CIO.com – June 27, 2022
By: John Edwards
Virtually every CIO uses metrics and key performance indicators (KPIs) to gauge the performance of their IT teams and strategies, but not always correctly. Here’s a look at what you’re doing wrong.
Mark Twain famously remarked that there are three kinds of lies: lies, damned lies, and statistics. Today, many CIOs feel the same way about metrics.
Metrics are only as good as their source. “Too often, technology companies pay consulting or analyst firms to create metrics based on the best characteristics of their offerings,” says Judith Hurwitz, CEO of Hurwitz Strategies, an emerging technology consulting firm. “Therefore, CIOs must be cautious about taking metrics at face value [and] leaders need to understand the data behind the metrics.”
Metrics interpretation is essentially a numbers game, and as with any numbers game, it’s possible to win or lose. Here are seven ways IT leaders are often misled by key performance indicators (KPIs) and other critical business and IT metrics.
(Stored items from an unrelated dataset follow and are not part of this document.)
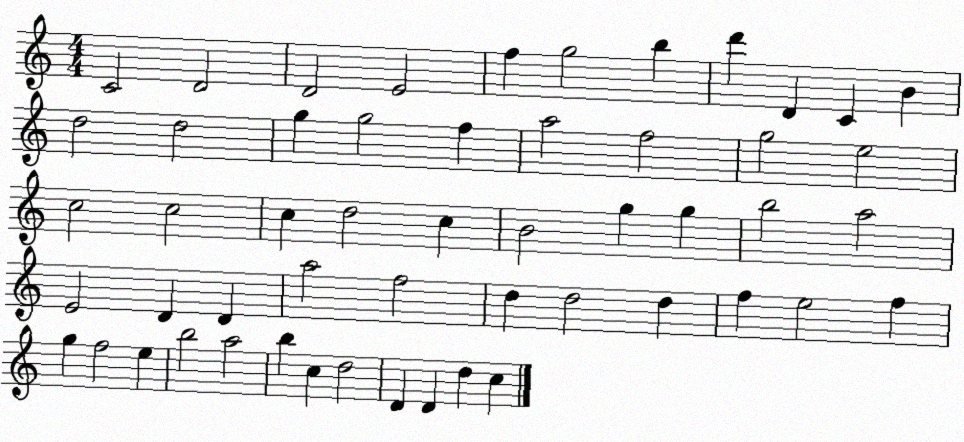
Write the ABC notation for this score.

X:1
T:Untitled
M:4/4
L:1/4
K:C
C2 D2 D2 E2 f g2 b d' D C B d2 d2 g g2 f a2 f2 g2 e2 c2 c2 c d2 c B2 g g b2 a2 E2 D D a2 f2 d d2 d f e2 f g f2 e b2 a2 b c d2 D D d c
1. Not considering the source
When studying a metric, it’s important to know who created it and the data source. Results may be based on a survey, for instance. If so, ask how many people were surveyed and the roles they played in their respective organizations. Check as well to see whether the metrics are based on a well-proven methodology. “It’s important to understand the research and data behind the metrics,” Hurwitz says.